When the listing below reaches the line that has "Burning line circle icon", start reproducing exactly; stop after the line that has "Nike Air Foamposite", and drop the pictures.

Data for analysis:
● ● ● ● ● ● ●

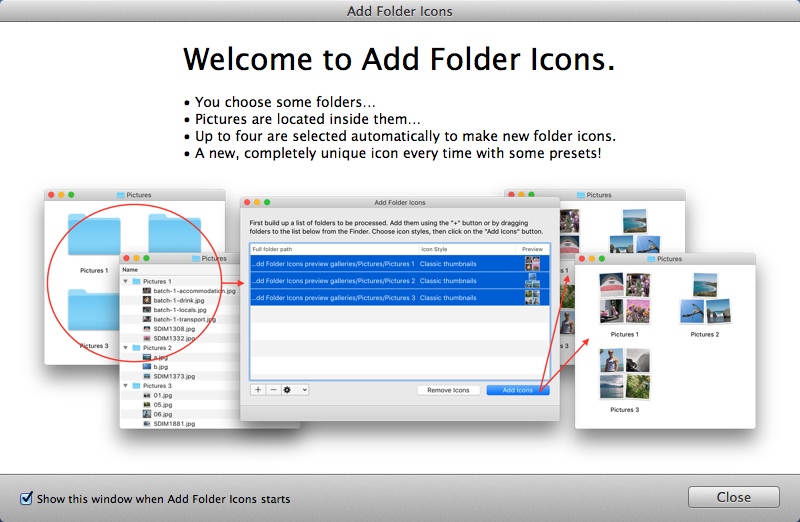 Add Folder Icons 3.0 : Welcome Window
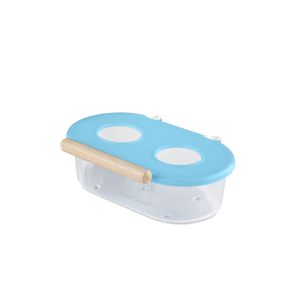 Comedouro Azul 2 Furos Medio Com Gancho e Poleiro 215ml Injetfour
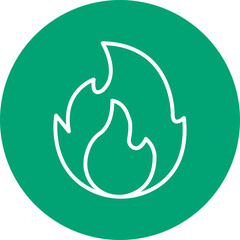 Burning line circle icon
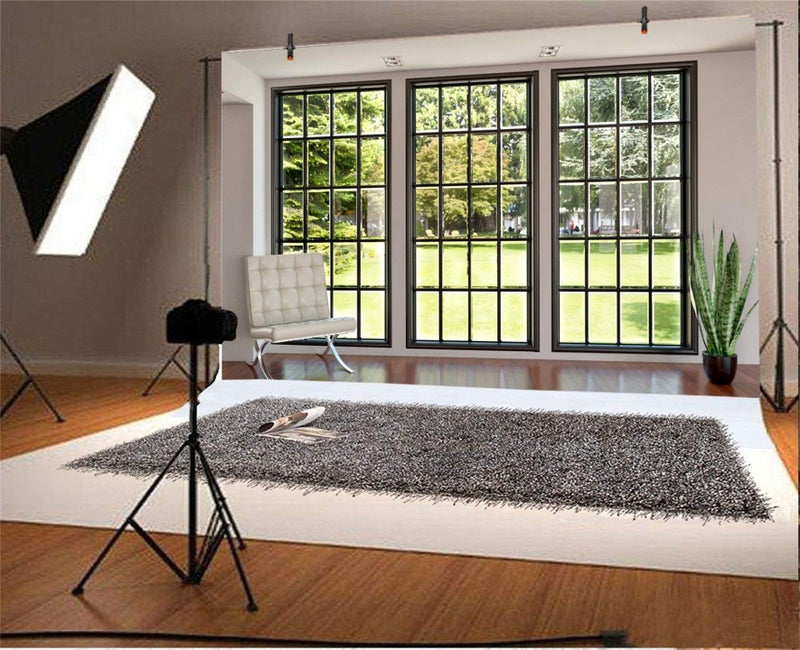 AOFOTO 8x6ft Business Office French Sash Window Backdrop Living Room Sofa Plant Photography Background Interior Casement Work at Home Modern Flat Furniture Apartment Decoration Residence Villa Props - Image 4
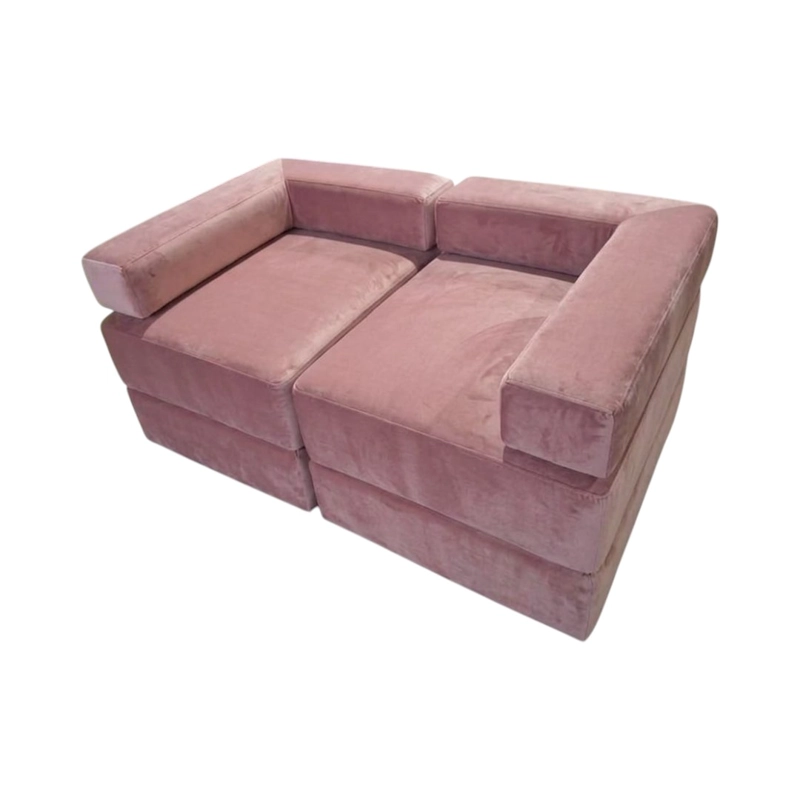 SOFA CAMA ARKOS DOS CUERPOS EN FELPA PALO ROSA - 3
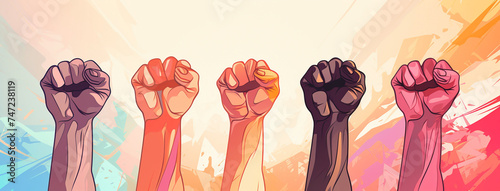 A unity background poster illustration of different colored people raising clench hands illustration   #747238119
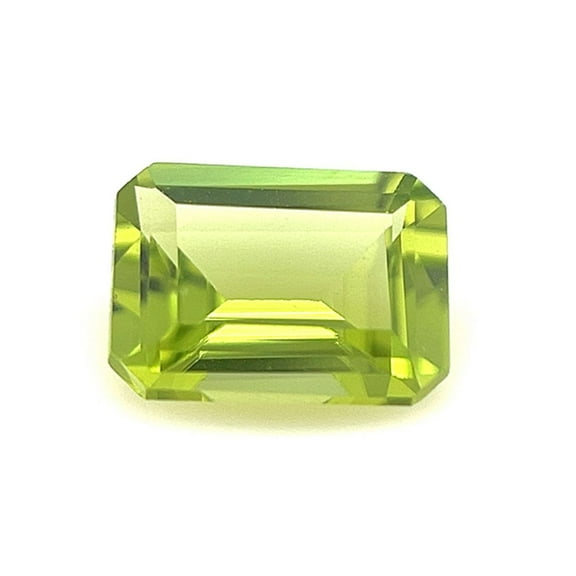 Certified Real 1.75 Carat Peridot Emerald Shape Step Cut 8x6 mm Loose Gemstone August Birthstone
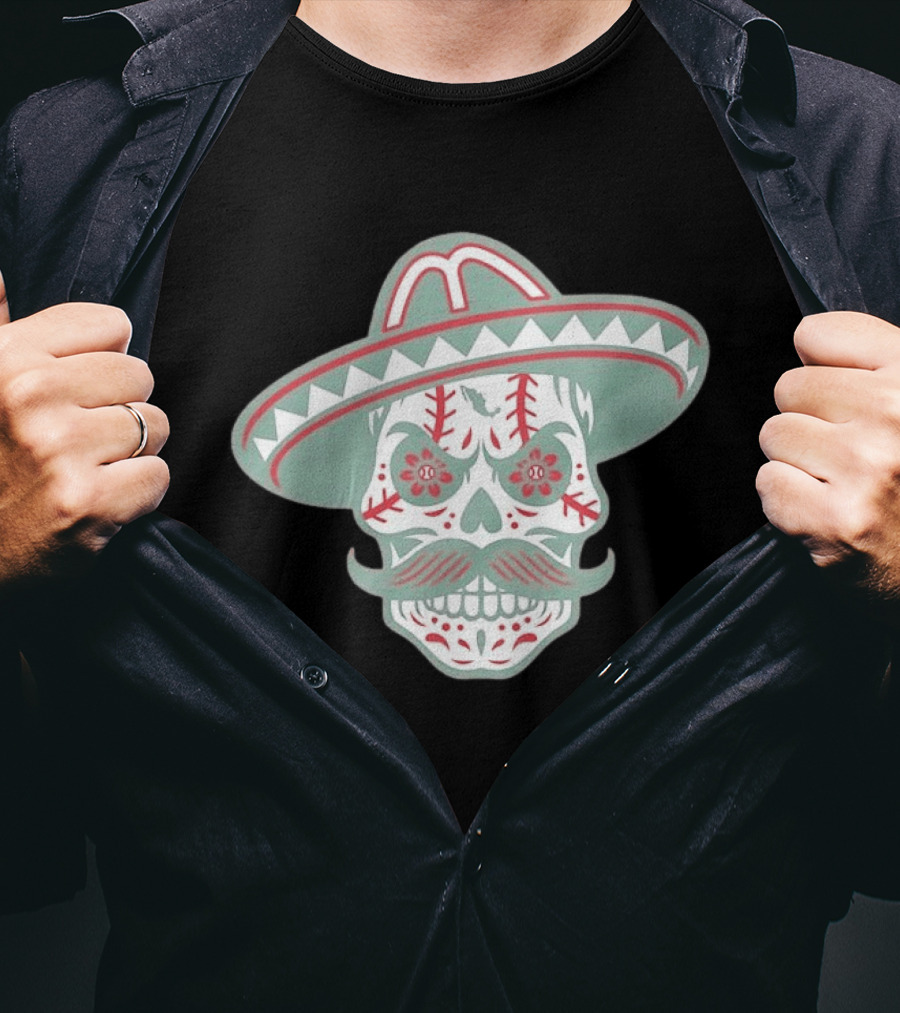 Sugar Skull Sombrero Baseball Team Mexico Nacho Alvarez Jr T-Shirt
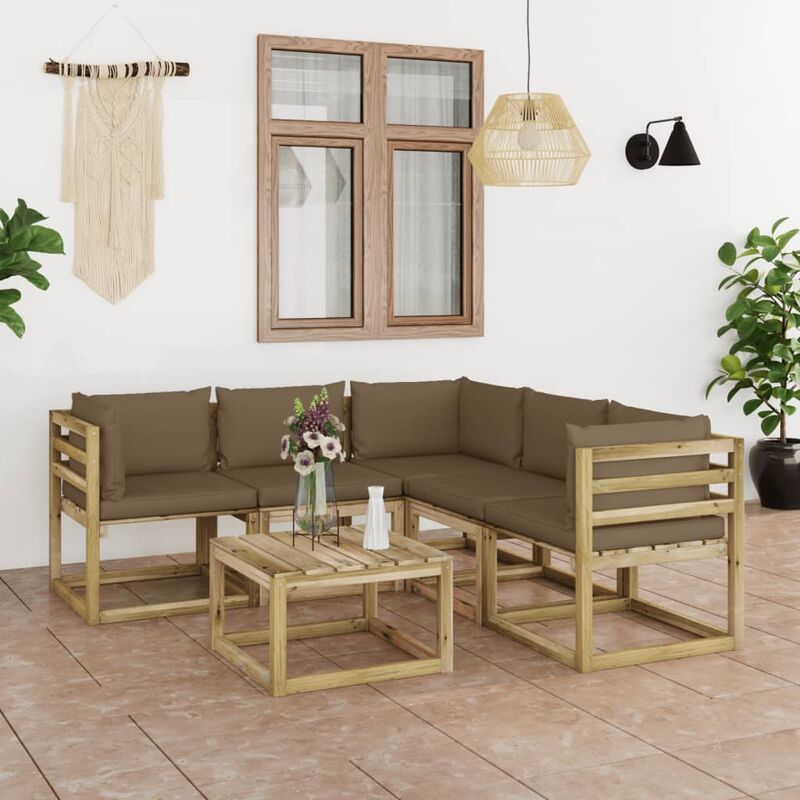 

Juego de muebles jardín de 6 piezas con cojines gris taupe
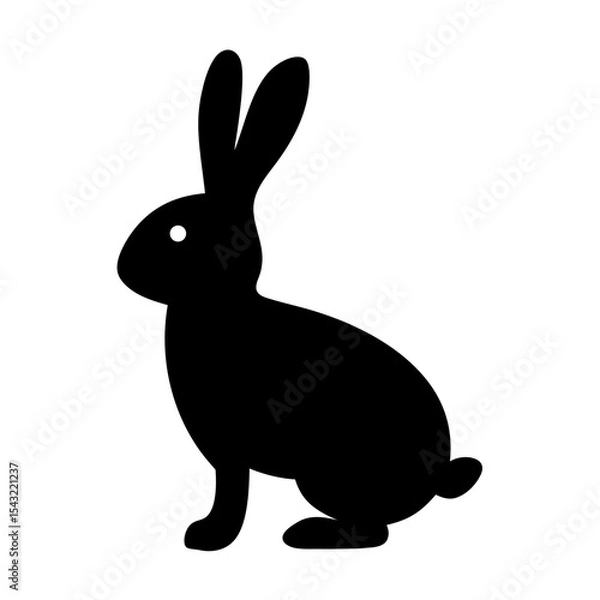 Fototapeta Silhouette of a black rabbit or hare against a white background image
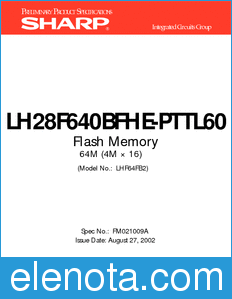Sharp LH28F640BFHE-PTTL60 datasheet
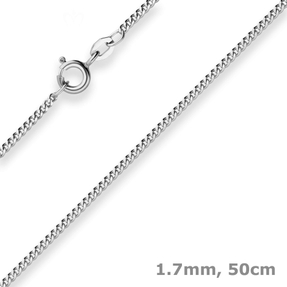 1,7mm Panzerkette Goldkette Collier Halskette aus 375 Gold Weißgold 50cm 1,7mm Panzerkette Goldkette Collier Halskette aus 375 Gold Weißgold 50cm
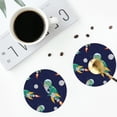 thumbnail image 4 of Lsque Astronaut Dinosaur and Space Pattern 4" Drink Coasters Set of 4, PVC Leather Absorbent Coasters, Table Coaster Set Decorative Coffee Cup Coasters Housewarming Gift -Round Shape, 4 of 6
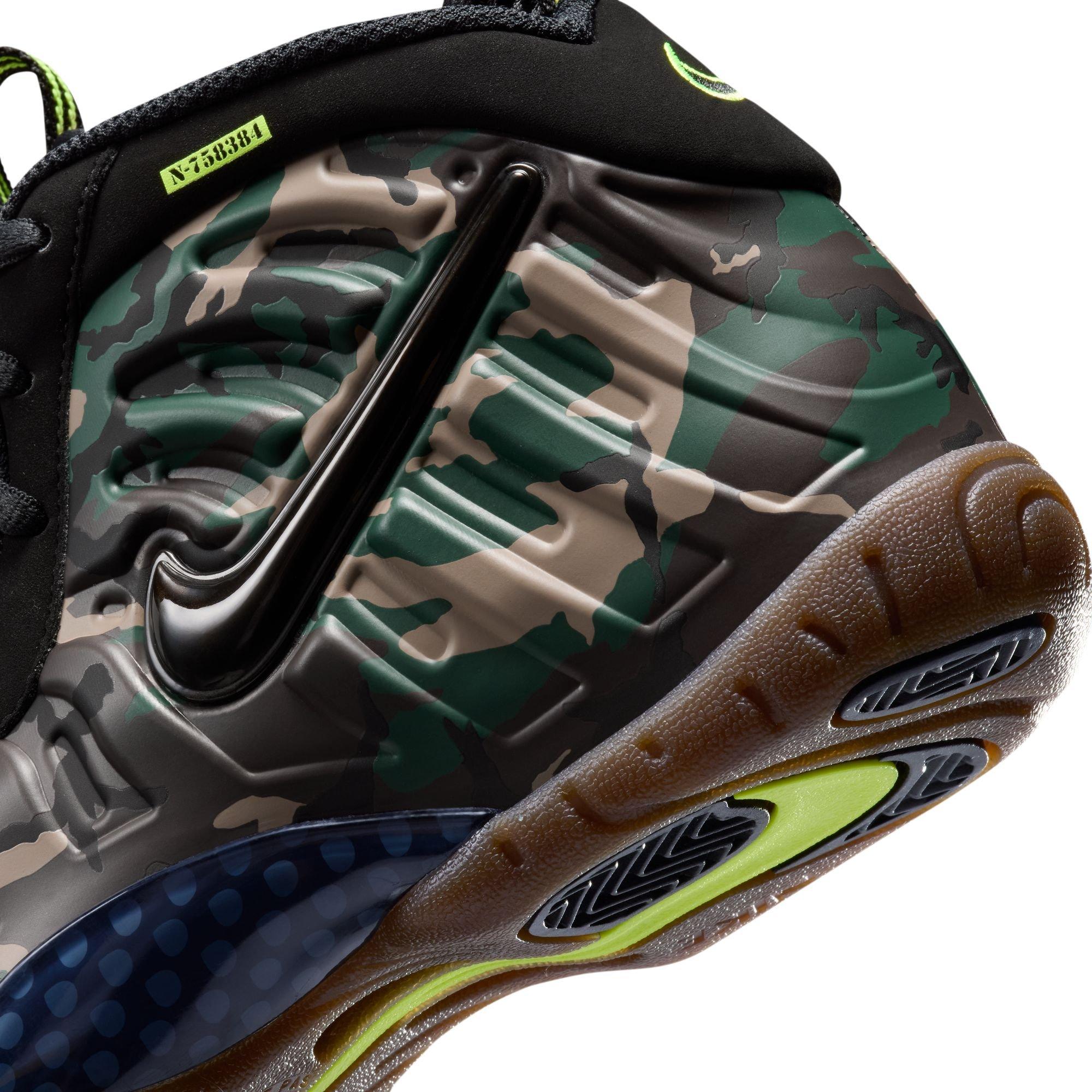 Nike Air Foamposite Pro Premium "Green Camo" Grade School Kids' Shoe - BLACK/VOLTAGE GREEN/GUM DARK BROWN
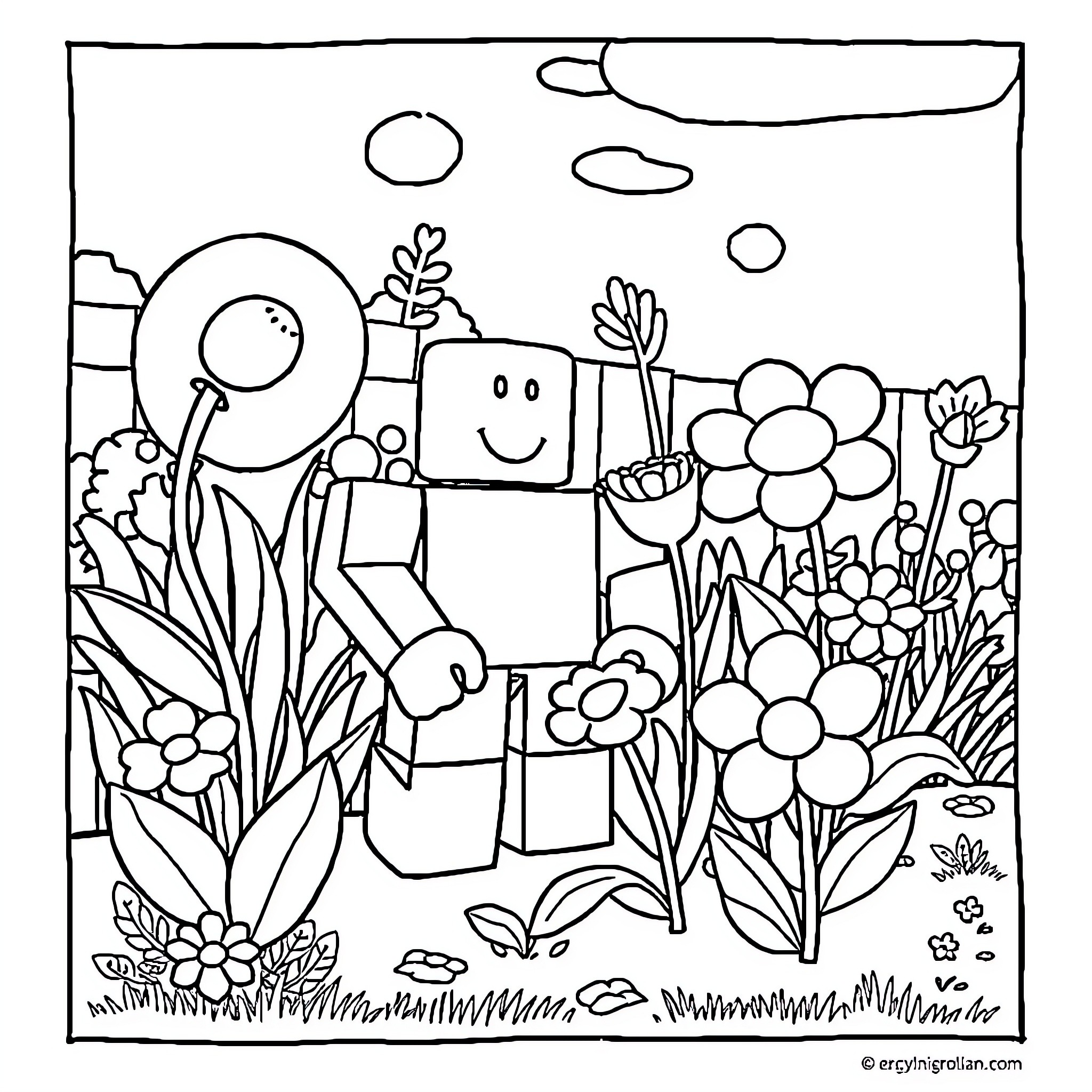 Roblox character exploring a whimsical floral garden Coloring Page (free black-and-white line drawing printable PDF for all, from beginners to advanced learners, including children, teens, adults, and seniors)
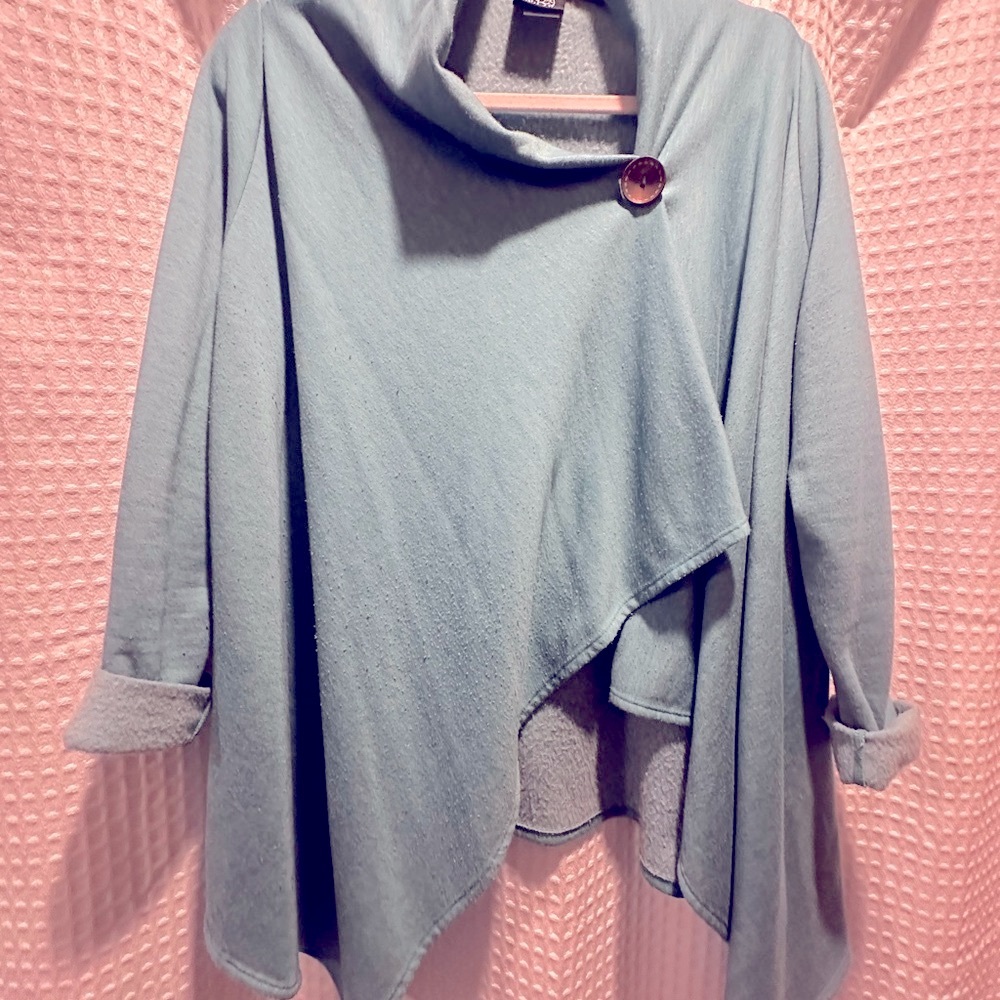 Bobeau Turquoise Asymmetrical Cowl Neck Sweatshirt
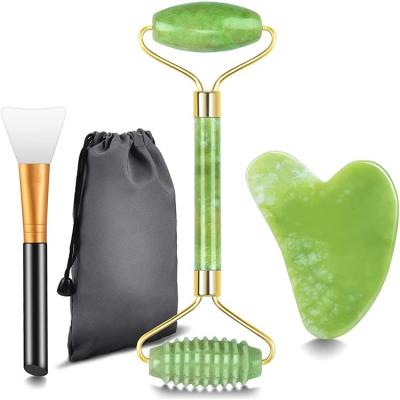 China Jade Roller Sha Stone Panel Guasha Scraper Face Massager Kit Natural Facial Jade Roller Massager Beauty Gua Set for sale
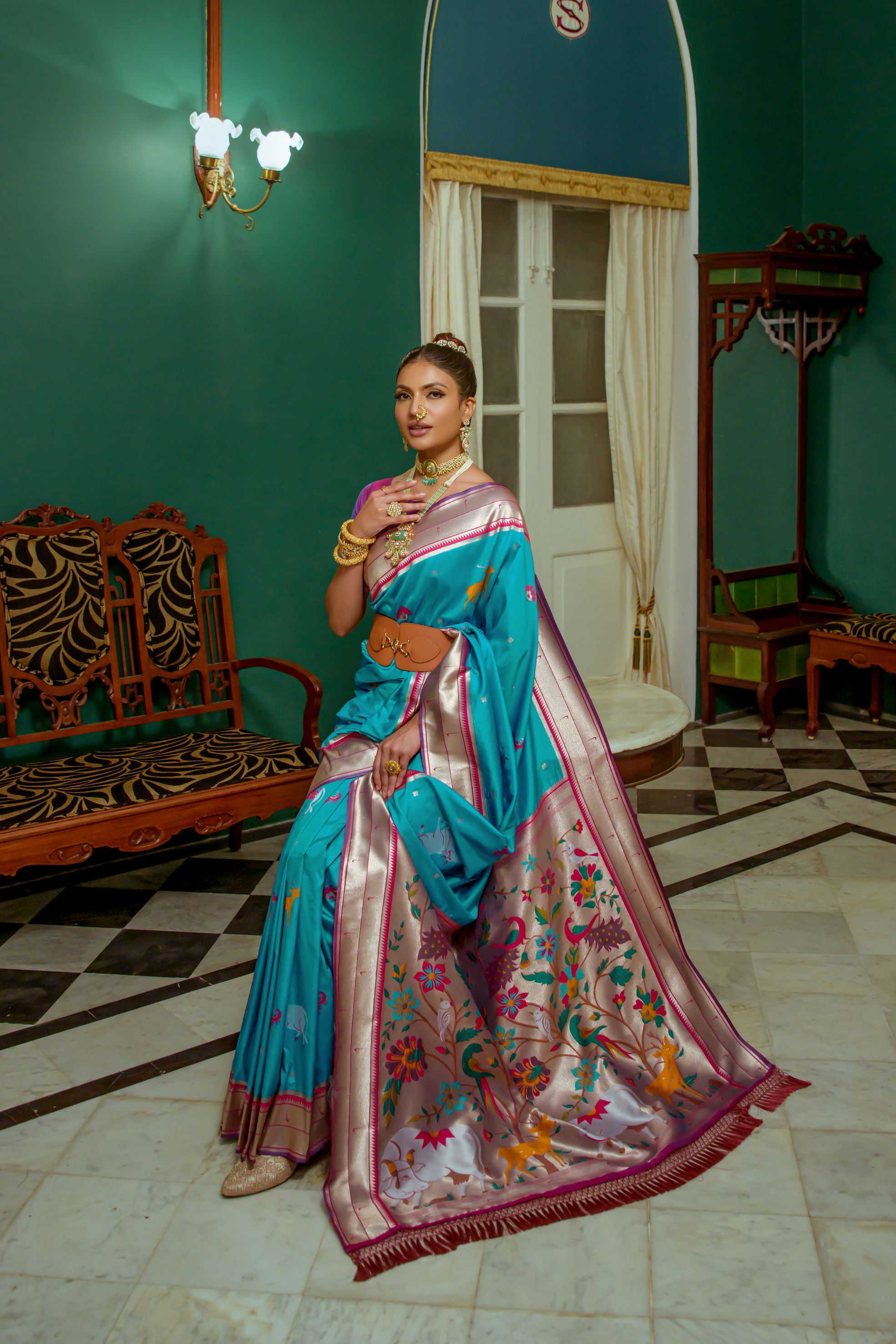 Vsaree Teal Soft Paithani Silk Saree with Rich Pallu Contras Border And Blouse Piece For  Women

● ● ● ● ● ● ●

Output for this task:
 Burning line circle icon
 AOFOTO 8x6ft Business Office French Sash Window Backdrop Living Room Sofa Plant Photography Background Interior Casement Work at Home Modern Flat Furniture Apartment Decoration Residence Villa Props - Image 4
 SOFA CAMA ARKOS DOS CUERPOS EN FELPA PALO ROSA - 3
 A unity background poster illustration of different colored people raising clench hands illustration   #747238119
 Certified Real 1.75 Carat Peridot Emerald Shape Step Cut 8x6 mm Loose Gemstone August Birthstone
 Sugar Skull Sombrero Baseball Team Mexico Nacho Alvarez Jr T-Shirt

Juego de muebles jardín de 6 piezas con cojines gris taupe
 Fototapeta Silhouette of a black rabbit or hare against a white background image
Sharp LH28F640BFHE-PTTL60 datasheet
 1,7mm Panzerkette Goldkette Collier Halskette aus 375 Gold Weißgold 50cm 1,7mm Panzerkette Goldkette Collier Halskette aus 375 Gold Weißgold 50cm
 thumbnail image 4 of Lsque Astronaut Dinosaur and Space Pattern 4" Drink Coasters Set of 4, PVC Leather Absorbent Coasters, Table Coaster Set Decorative Coffee Cup Coasters Housewarming Gift -Round Shape, 4 of 6
 Nike Air Foamposite Pro Premium "Green Camo" Grade School Kids' Shoe - BLACK/VOLTAGE GREEN/GUM DARK BROWN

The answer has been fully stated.